How online facial-recognition systems could endanger our privacy
Image credit: Dreamstime for background; Cloaked image of Ben Heubl
E&T reverse-engineered an online facial-recognition system and revealed how the trend towards facial-recognition-supported online search could expose users to unexpected privacy risks.
When I first used a tool called FindClone, I found myself face-to-face with a fake social media profile that stole my headshot as their profile image. A person decided it’s worth stealing my face for his or her fake VK profile, a social media platform dubbed the Russian answer to Facebook.
FindClone relies on facial-recognition software and compares your input image across millions of VK profile images. It’s free, but you must submit your phone number. I wasn’t shocked that someone stole my image – impersonation using another person’s headshot is scarily common; hackers, criminals and fake online daters (‘catfish’) do it all the time – what really concerned me was how easy it was to make a connection between my image and one of me swirling around in the deepest internet.

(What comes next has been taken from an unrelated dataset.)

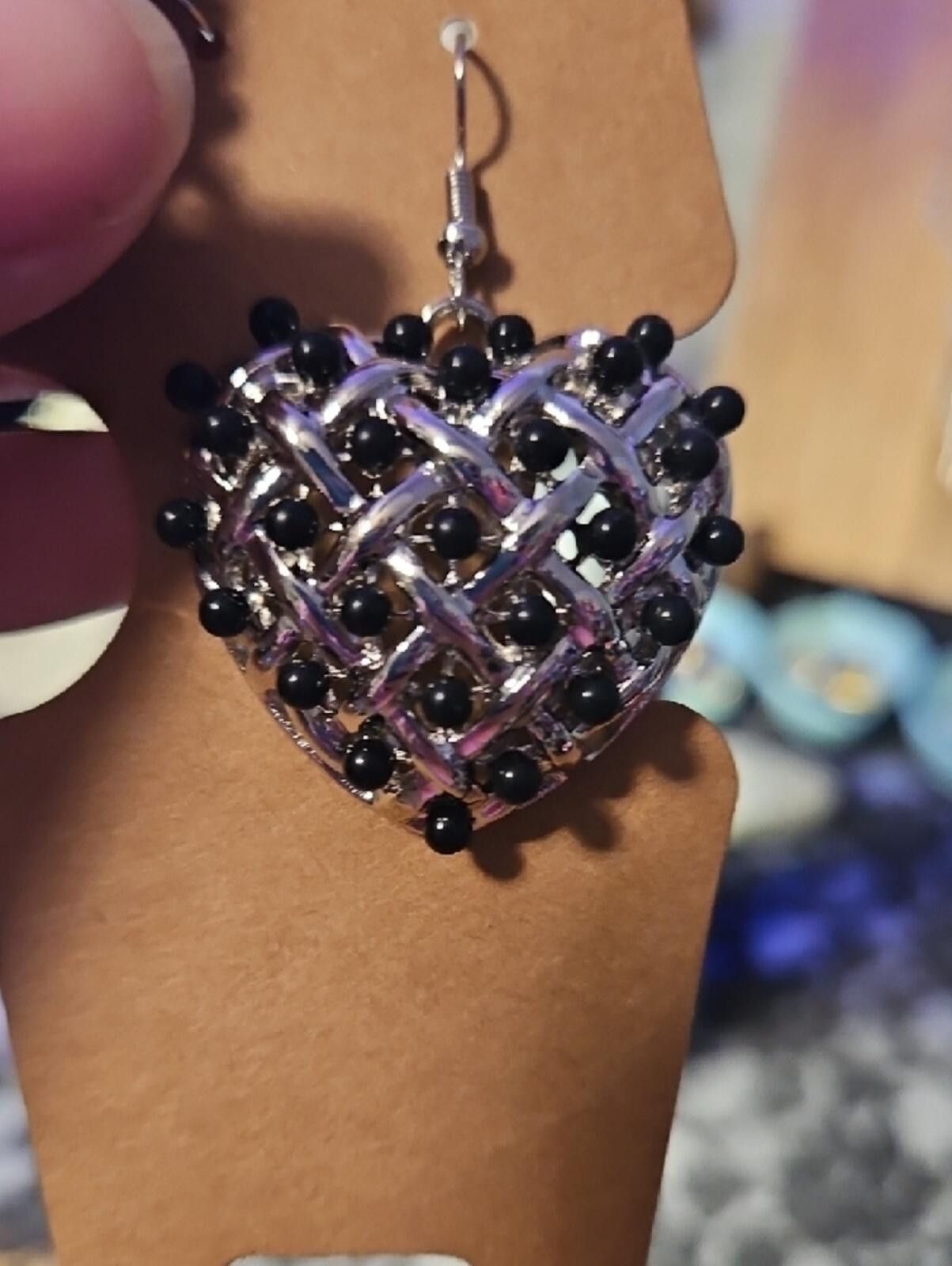 Other Heart Drop Earrings with Black Beads Size ONE SIZE - 3 Thumbnail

A concerning example is Clearview. According to news reports, the New York-based tech start-up scraped three billion headshots and other facial images from social media pages. Scraping is the term developers use for the act of saving data and images on local servers.
With this controversy, the firm hit the headlines around the world. Its CEO justifies the collection spree with being in accordance with applicable laws, arguing: “Individuals in these countries can opt-out.” So why is the company so hungry for our images?
The firm sells access to its database to law-enforcement agencies. The system simplifies their search, enabling them to compare a suspect’s image across Clearview’s database in a matter of moments. If they find a match, they can gather enough intelligence to make an arrest. The company’s marketing material celebrates helping to catch terrorists.
Critics said the company has changed little since its big coming out in 2019, including continuing to operate during the pandemic era. In March, Josephine Wolff, a New York Times opinion writer, wrote that the company’s product remains every bit as dangerous, invasive and unnecessary as it was before the spread of coronavirus.
What are we giving up if companies like Clearview can scrape billions of our personal social images? First, let’s look at the business. Clearview is not alone in the space. A recent investigation by Netzpolitik found Polish company Pimeyes, which scrapes images from the web and sells services to law-enforcement agencies. Pimeyes’ founders, Łukasz Kowalczyk and Denis Tatina, are reported to have amassed a database of 900 million faces.
How profitable these businesses are, we don’t know – as start-ups like these don’t have to disclose their accounts publicly. But it does raise questions whether new demand could encourage new supply. In other words, if business for serving law-enforcement services is lucrative, could we soon expect more firms to follow the examples of Pimeyes and Clearview to broker deals around our faces?
To answer that, we must ask what Clearview and Pimeyes do exactly. How does their offering work? It is best explained by a simplified example. We found that almost anyone can replicate the basic concept of building a facial-recognition system.
E&T emulated their operation by building a small facial-recognition database that was tested by being fed images of my face. It was straightforward, an endeavour you can easily replicate at home if you are a little bit tech savvy. It involved no more than a few lines of Python code (a popular programming language) to match images from a database with ones we wanted to test. The process is described step-by-step below.
How to build your own online facial-recognition system
To build such a simplified system, we must create a database of images to reflect the billions of headshots that Clearview collected. Then we run the algorithm to match those with our input images.
We will eventually explain what it takes to scale it up to dangerous levels – we don’t advocate this step, but it will help clarify the risks it poses to our online privacy.
Step 1: Installing the software
We installed a popular open-source python library called FaceRecognition. There are others, but we used this one as it’s an often-fancied option praised for its simplicity and alleged accuracy. The producers say it’s “the world’s simplest facial-recognition API for Python and the command line”.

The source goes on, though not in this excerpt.